Danes celebrate the new Metro, now rebuilt after floods

Written by Staff Writer

The revamped new Metro in Copenhagen is coming in hot from the cold. The subway, opened to the public at 8 p.m. Thursday night, was made just five months after floods devastated the city

Aching for nature, Danes are celebrating the new metro in the open air at Wuppertal’s Pariser Platz park

Enlarge Image Photo illustration by Macauley Marshall/CNN

The new metro is 350-miles long with 138 stations, costing 9.2 billion kroner ($1.5 billion). It promises better service, quicker journey times and more stylish offices and shops.

And there are also 250 art installations on the 3,400 meters of tunnels — they were sculpted by over 40 artists from across the world.

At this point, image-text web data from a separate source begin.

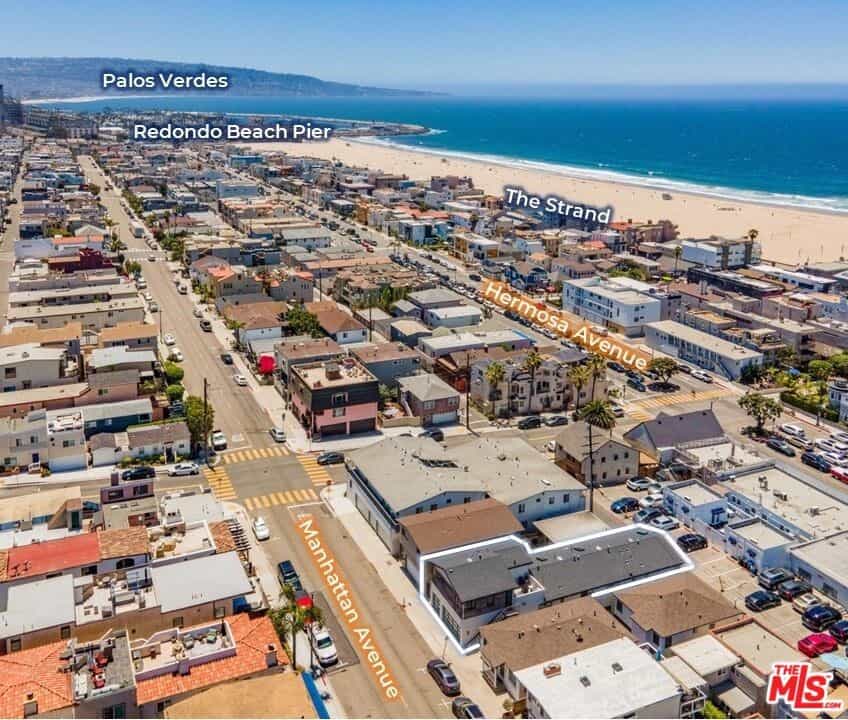 Συγκυριαρχία σε Παραλία Ερμόζα, Καλιφόρνια 11007728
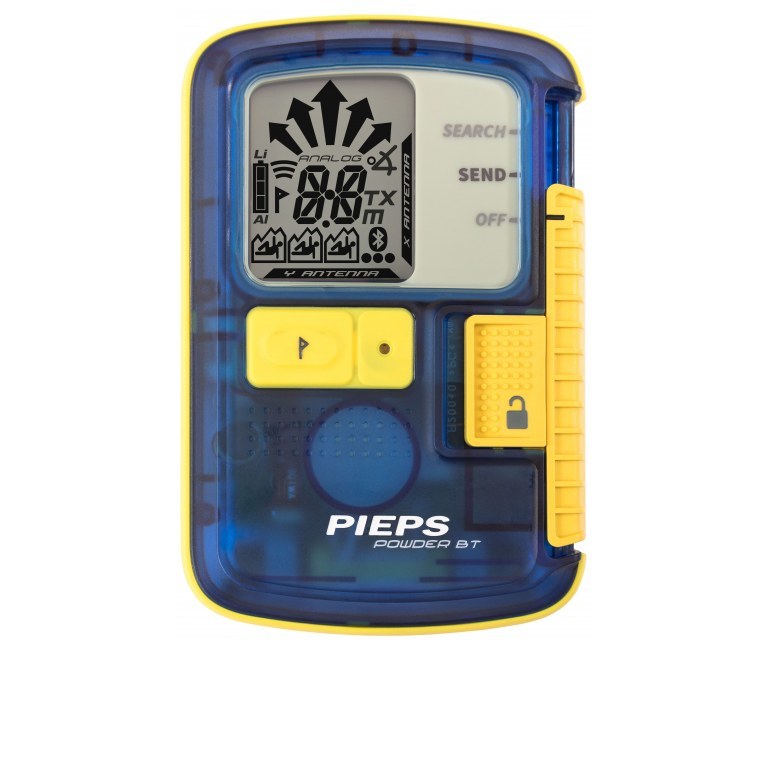 Skialp akcesoria Pieps Powder BT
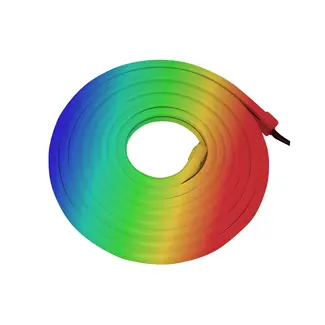 Ener-J Smart WiFi RGB LED Neon Strip Kit 12V, 3 meters, IP65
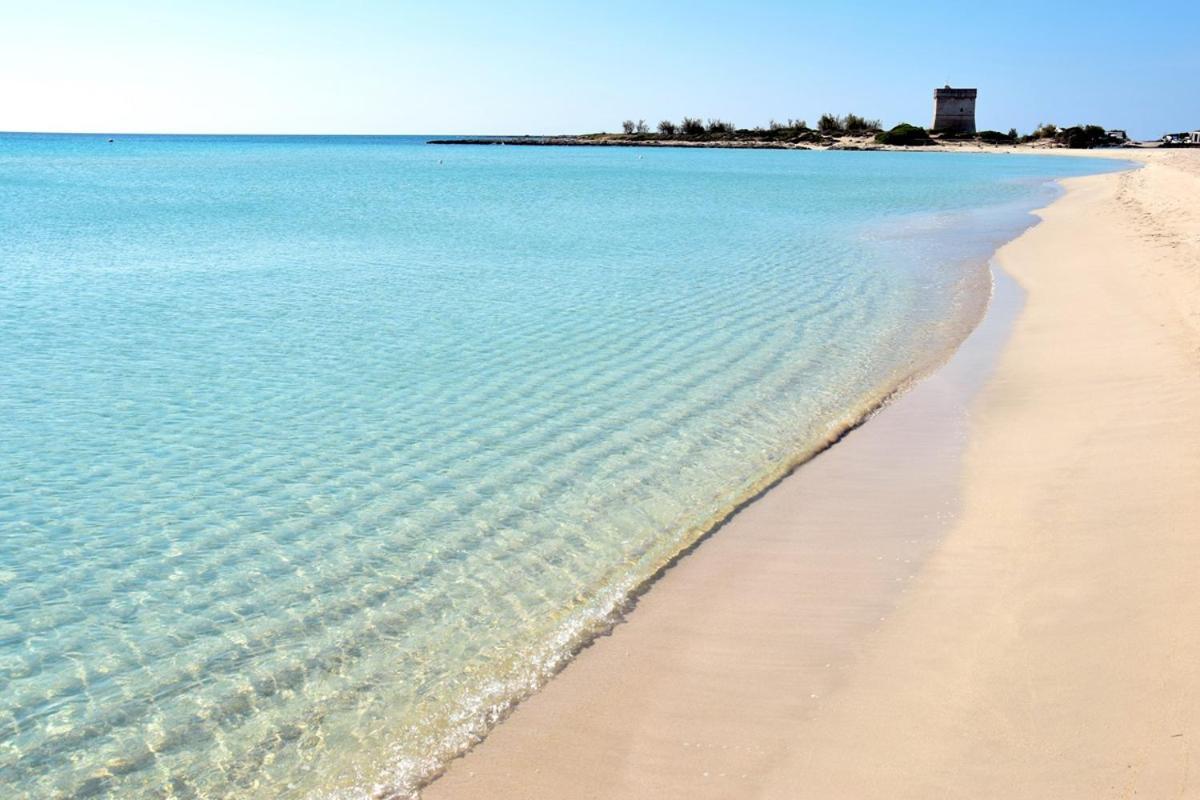 Pietra Viva Suite E Relax Veglie Buitenkant foto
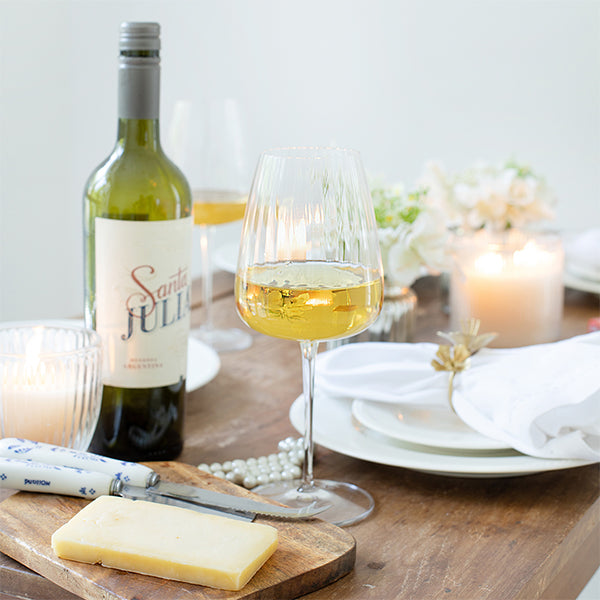Oversized wine glasses (Set of 6)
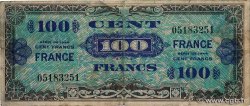 100 Francs FRANCE FRANCE  1945 VF.25.01
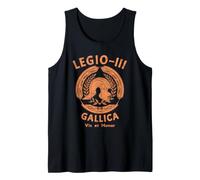 SPQR 3ème légion Legio 3 Légionnaire Romain Débardeur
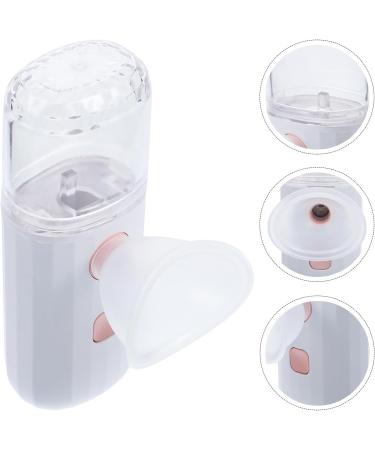 Vapeur pour Yeux Portable Pulv risateur de Brume Pratique Blanc Masque Oculaire Hydratant Vaporisateur Oculaire pour Soin des Yeux Secs Outil Beaut et Protection Visage - Buy Online on GoSupps.com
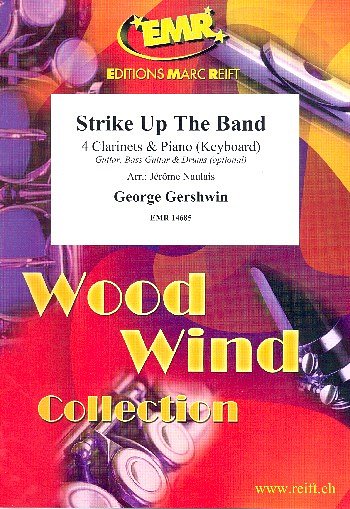 G. Gershwin: Strike up the Band (Pa+St)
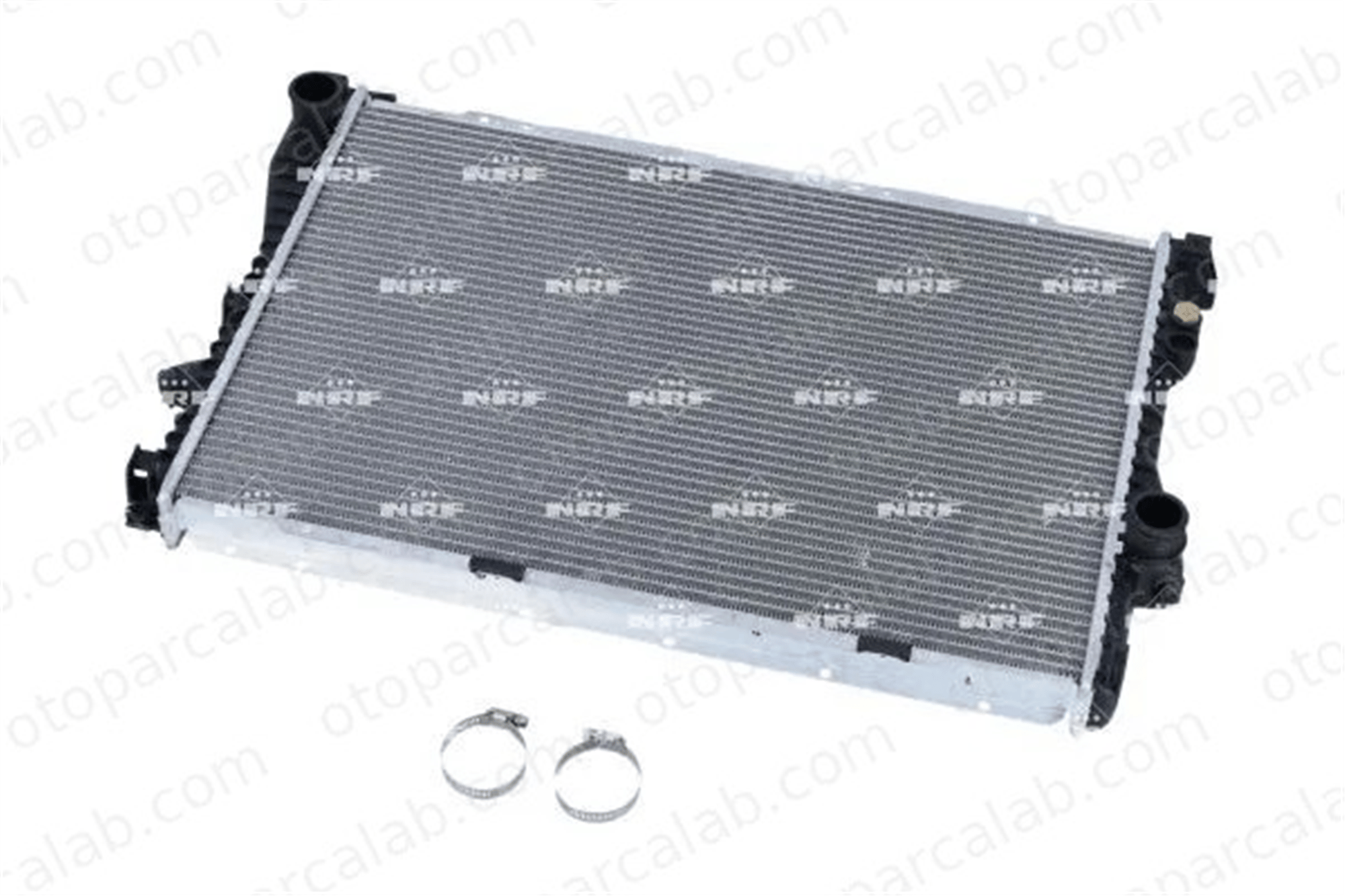 NRF 55323 Su Radyatörü BMW 5 7 17111702969 1702969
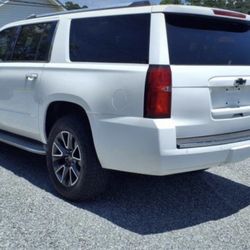 2015 Chevrolet Suburban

But a loud cat was blamed for the delay of the new metro, after a roar from the old one started emitting from ventilation units.

The commuter was fed up with living through monotony and the cat began a hot pursuit of noise from the tunnel. After the authorities realized they had missed the cat, the new metro project, designed by Danish architect Bjarke Ingels — the founder of BIG, a global architectural firm based in New York City — was shelved.

Under the 2015 floods, 520,000 metric tons of mud clogged up the buildings in town — also draining the railway for both the new and old metro lines.

Metro Respirator, a piece of art by Kai Meinrath and also the head designer of the Wuppertal metro, crouches in the urban jungle.

Enlarge Image Photo illustration by Macauley Marshall/CNN

“No art installation could be less relevant, but what’s important is we have had quite a big reparation project,” said Magnus Peterson, the architect who designed the new metro.

The 27-year-old — who has worked on landmarks such as London’s Shard and Sydney Opera House — said he didn’t like politics, so he was glad he wasn’t involved.

The former sea-faring city hopes to lift the city into the future, with new buildings designed by Danish companies such as Hella Koenig, sculptor of the new Bridge of Literature in Copenhagen.

The Danish government said over 190,000 people work in the capital but its future seems no less uncertain, with the investigation over the eruption of Mt. Thor looking set to continue.

But the capital is primed to take the lead in the 21st century, as it becomes one of the first Nordic countries to embrace driverless pods and carts to transport people around the city.

Valkyrie Transport Networks CEO Marius Drandblom said his team was developing pilot capsules in cooperation with the Swedish company Atlas Elektronik.

In the future, one of them will carry a human passenger and the other the necessary supplies, with the aim of testing it by 2020.

“There is no space in the public transport system. So if you want to attract people in the future, you need to have the public transport system for the future,” he said.